Fiona Apple – The Idler Wheel…

Top 25 LPs of 2012

‘The idler wheel is wiser than the driver of the screw, and whipping cords will serve you more than ropes will ever do’. Say that out loud. Am I the only person who thinks that’s a great (if long) title? Conversely, Fiona Apple’s latest offering is a surprisingly stripped back affair, and yet, in terms of songwriting and composition, its her deepest and most accomplished work to date. Everything about ‘The Idler Wheel’ sounds natural, organic, like it’s being played from a disc made of wood – Apple’s piano has never sounded more natural, or more thunderous. Maybe, if this record proves anything, it’s that you can slap all the engineering glitter and paste you like on her, but nothing sounds better than when her voice and piano are pared to the bone, free from effects and garnish. The other real star here is Charley Drayton, her touring drummer, and now co-producer. His rattling, rumbling, hissing jazz drumming is the pairing that Apple’s bassy somersaulting voice seems to have been made for.
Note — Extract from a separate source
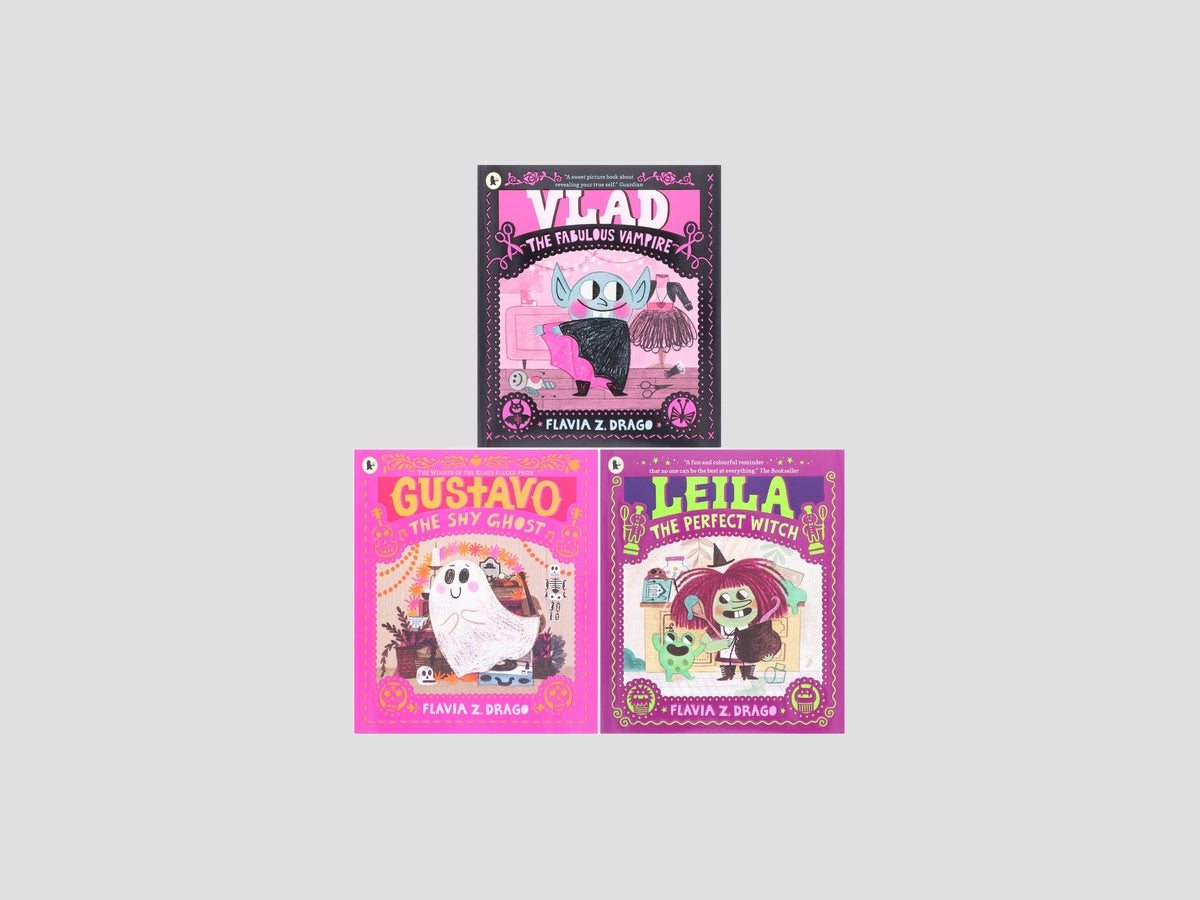 The World of Gustavo Series Collection by Walker Books; 9782126822599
Her use of sounds and textures is more creative than ever as well – ‘Daredevil’ is backed by a skittering thigh-slap rhythm, ‘Werewolf’s most joyous moment is perversely backed by samples of screaming children and ‘Periphery’ is held together by the crunch and scrape of velcro.
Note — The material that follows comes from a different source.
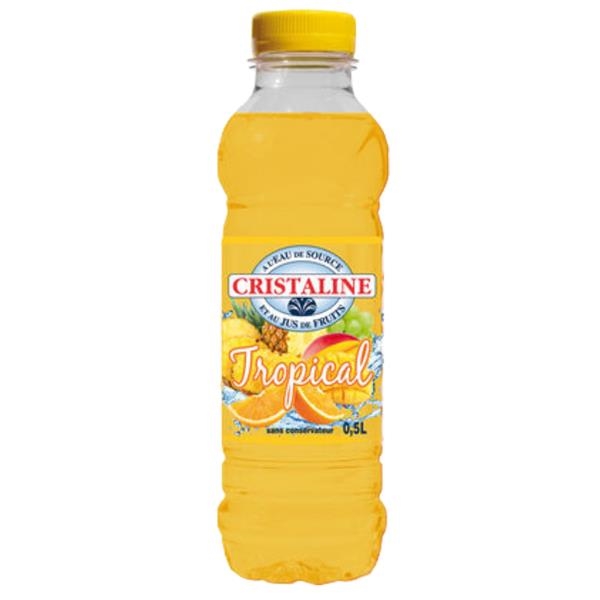 Cristaline tropical water 500 ml x 24 pc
What’s more important, however, is that this is the best set of songs she has ever written – the silent-movie-esque creepy-crawly pianos on ‘Left Alone’ back a self-deprecating anxiety diatribe; ‘Every Single Night’ is one of the best songs ever written about insomnia, sounding halfway between Billie Holliday torch-song and a lullaby-gone-wrong; ‘Regret’ sees her veering close to losing all control, but instead you can’t help but feel bowled over when her voice cracks like someone snapping a plank on their knee. While ‘The Idler Wheel…’ often centres around sad personal subjects, it’s at once compelling and joyful, because you can feel the catharsis in every note. You know that this is a woman who loves to make this music, and it’s an infectious feeling. The last track ‘Hot Knife’, is its happiest moment and covers that glorious buzz of falling in love, with high-low layered harmonies, rolling timpani and spiky peaks and troughs. Fiona Apple was already one of the best American singer-songwriters of her age, but ‘The Idler Wheel’ feels like the record she has been wanting to make for over a decade – it’s a magnificent, cerebral piece of work that is as dense and complex as it is skeletal.
For fans of… Bjork, Kate Bush, Regina Spektor, Ben Folds, Jeff Buckley, PJ Harvey
Click here to hear Every Single Night

–Joe Anthony Hill

Beach House – Bloom

Top LPs of 2012

Apparently I wasn’t the only person getting annoyed people said “Do Beach House really need to make another album?”
“What the f**k is that?” said frontwoman Victoria Legrand. “That only matters if you’re just listening to sound. It’s this pathetic era we’re in where people are like, “I’m done with them, I need a new sound; I’m a baby, I need something every five minutes.” A lot of people listening to music now don’t listen to the songs at all. They just go, “Good tones…” and that’s it. But we’re obsessed with songs. Sometimes, I feel like people aren’t listening to our songs, they’re just listening to the sound.”
Couldn’t have put it better myself. ‘Bloom’ is a collection of SONGS, and the SONGS on it are ruddy wonderful. Beach House do have their distinctive sound (let’s not forget that) of shimmering keyboards, with guitars and puttering drum machines that sound both icy and warm, but the SONGS aren’t easy to overlook. ‘New Year’ has one of the most gorgeous euphoric choruses and breath-holding sequences in the genre; ‘Troublemaker’s divebomb guitars and hushed organ wheezes seem as uncertain as Legrand’s chorus of “Someone like you…” caught between affection and regret, while ‘WIld’ provides the album’s highpoint in its partnership of troubled lyrics and triumphant swoops (“Our father won’t come home, ’cause he is seeing double.”) Beach House may have a unique sound that’s now completely their own, but while that’s what got people listening in the first place, if anything’s going to make them stay, it’s the “SONGS”. And stay they will.